Trainees in my cohort, from the time we arrived at staging, well into our service, we were strongly discouraged from ANY participation in political activities during our tour.
In light of the political climate in West Africa, particularly among Guinea's southern neighbors, it was, in fact, prudent, not to "speak out" in an environment where US civil liberties aren't really upheld. Peace Corps could not have stressed the importance of our neutrality enough.
I remember being mistaken as a Liberian here or a Sierre Leonian there, and have come close to many a life-threatening situations (as do many of us), based on some authority or rebel's perception of who I am or where I stand.
While Peace Corps' policies may seem overbearing, you just NEVER know whose watching...

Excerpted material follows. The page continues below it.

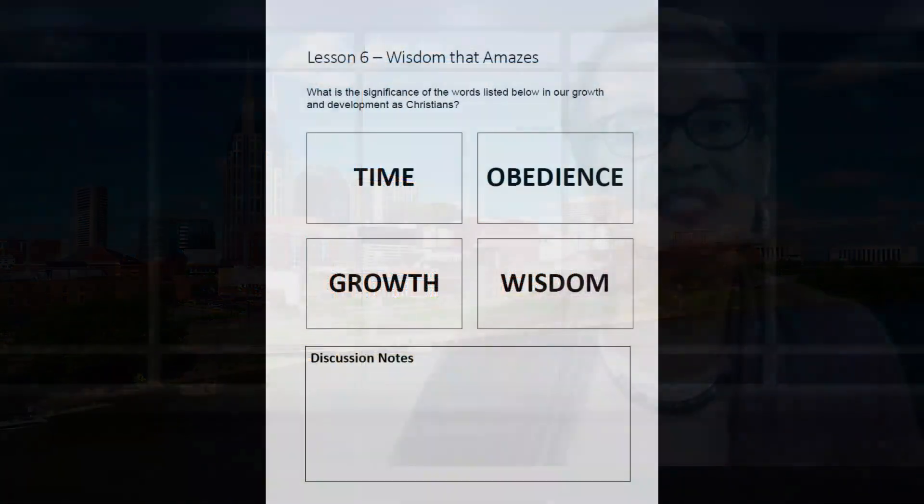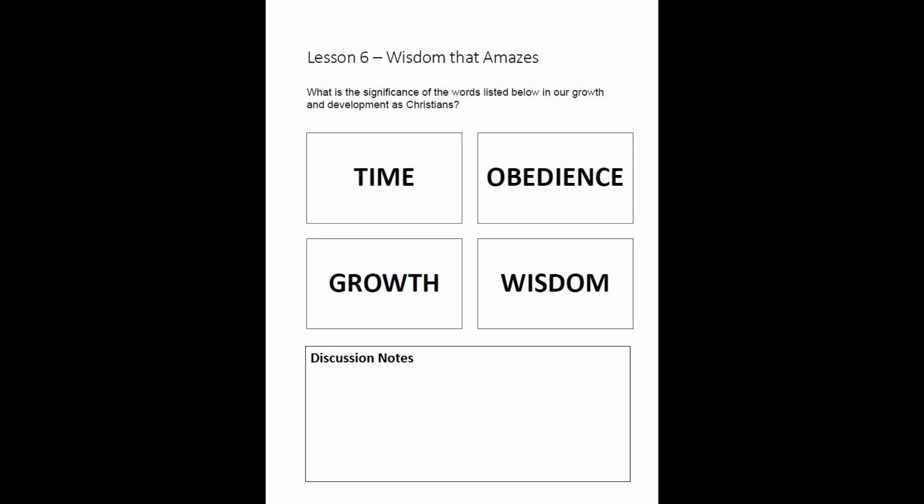I am now going to share an engagement activity that you can use when teaching this lesson. In this week's lesson we see how the words time, obedience, growth, and wisdom were exhibited in the life of Jesus at the age of 12. A great discussion question is: what is the significance of these words in our growth and development as Christians?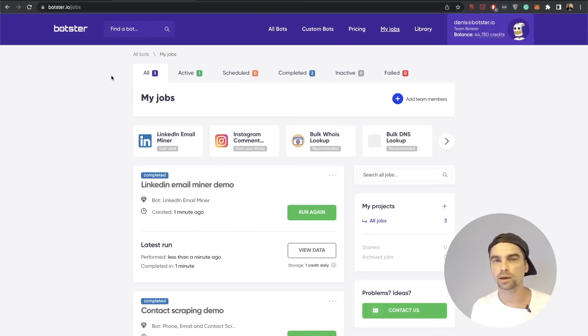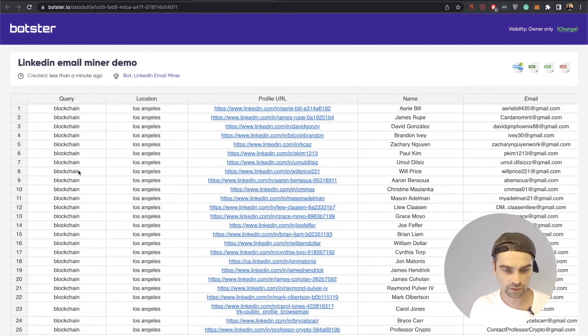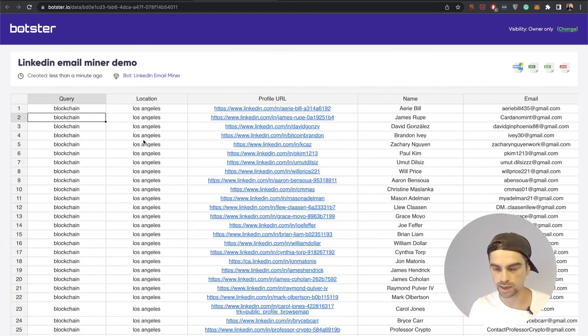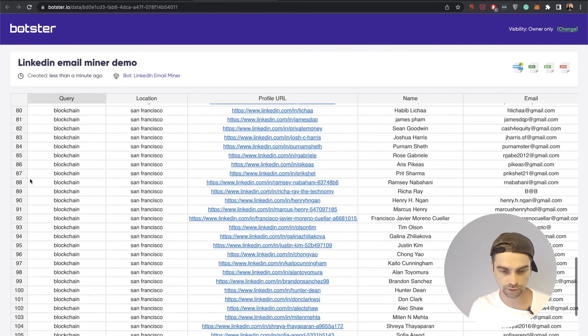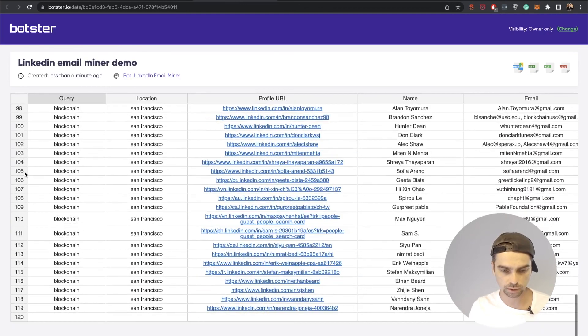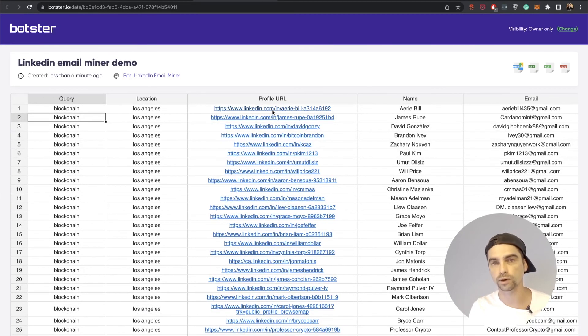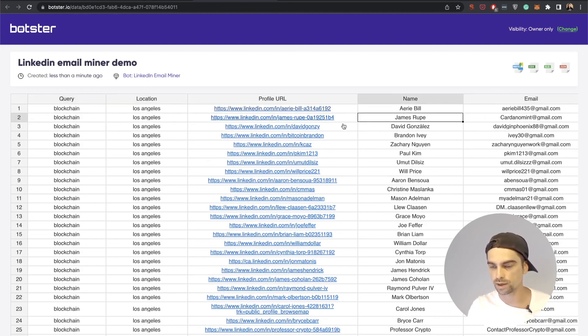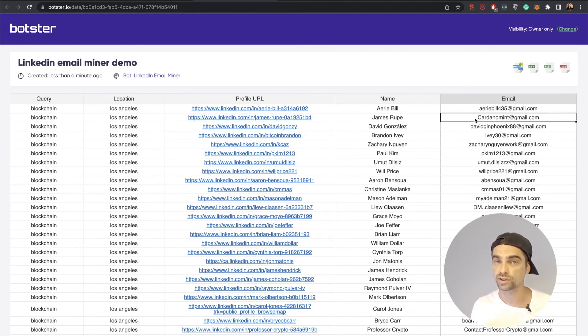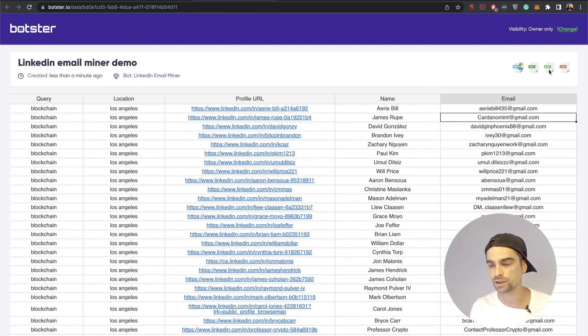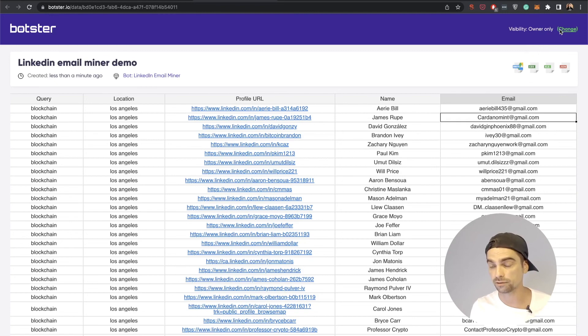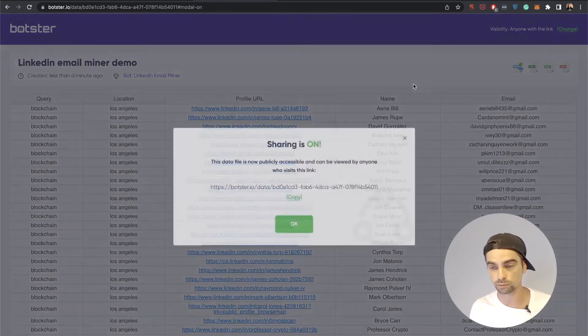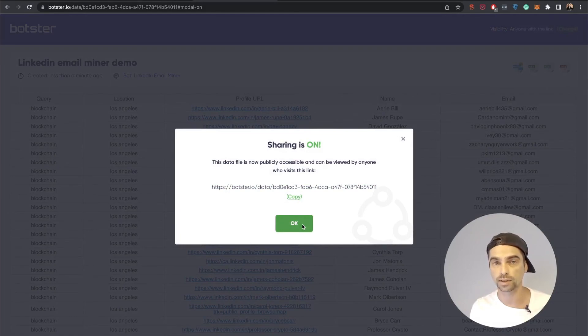It took the bot about one minute to complete the job. Let's hit the view data button. There you go. We have our blockchain Los Angeles results and we have our blockchain San Francisco results, all packed into a single table with the profile URLs of where Google found these email mentions along with names and emails that the bot extracted from Google's snippet. You can now of course download your results as a CSV, Excel, or JSON files. You can also export them into your Google Sheets. If you need to share this table you can make it publicly available by clicking on this button right here, copying this link, and sending it to whoever you need to send it to.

|By Jeremy Gernand on Tuesday, July 01, 2003 - 7:58 pm: Edit Post|
As volunteers we must set our right to free speech at a lower priority than the well being of other volunteers as well as our effectiveness in the work we are trying to accomplish. Peace Corps' mission in the world is one that will only be accomplished very slowly (one relationship to the next). One protest will not speed it along, and could very well cause more confusion about our objectives among people in our host country.
If you want to show your discontent with the US government, do so in your community, where the people know and respect you. Taking public action will be mis-interpreted more often than not, and could even be turned by a less than independent press into something you never wished it to be.
We all accepted limitations on our speech when we became Peace Corps volunteers. I don't see anyone here advocating that we should also overturn the ban on proselytizing, and allow religious teaching by volunteers, so why should one just push for the right to have a political protest, and not be concerned with other expressions. I suspect this debate has more to do with personal desires, than a desire for the benefit of the community of volunteers or the communities of our host nations.
|By Joanne Marie Roll (joey) on Monday, July 07, 2003 - 8:55 pm: Edit Post|
There are two issues. The first is the need to protect the right of volunteers to speak out as American citizens about policies of our own United States Government. I believe the guidelines pursuant to that civil right should be spelled out in a personal service contract that all serving volunteers should have. I believe that such a contract would protect serving volunteers from intimation and administrative whim.
The second issue is the prohibition against serving volunteers becoming politically involved in t host country politics. I support this restriction for all the reasons which have been so beautifully stated by Jeremy Germand and Wroksie Jackson as well as many others.
|By Richard van Pelt on Monday, July 07, 2003 - 8:58 pm: Edit Post|
I was in Sierra Leone VI during Viet Nam. During a coup, the military relayed to some of us everything about the planned insurrection, telling us that they "knew" we were CIA and just wanted to be sure we got the story straight.
No matter how we tried to explain, they still had a perception of us. The moral is that we had to walk a very fine line to insure our neutrality in local issues. By extension, that included remaining neutral with respect to Viet Nam. None of us gave up our rights; none of us gave up our opinions. We just remained diplomatic. When asked, I would explain my view and that I disagreed with my government, but I did not carry out overt protests.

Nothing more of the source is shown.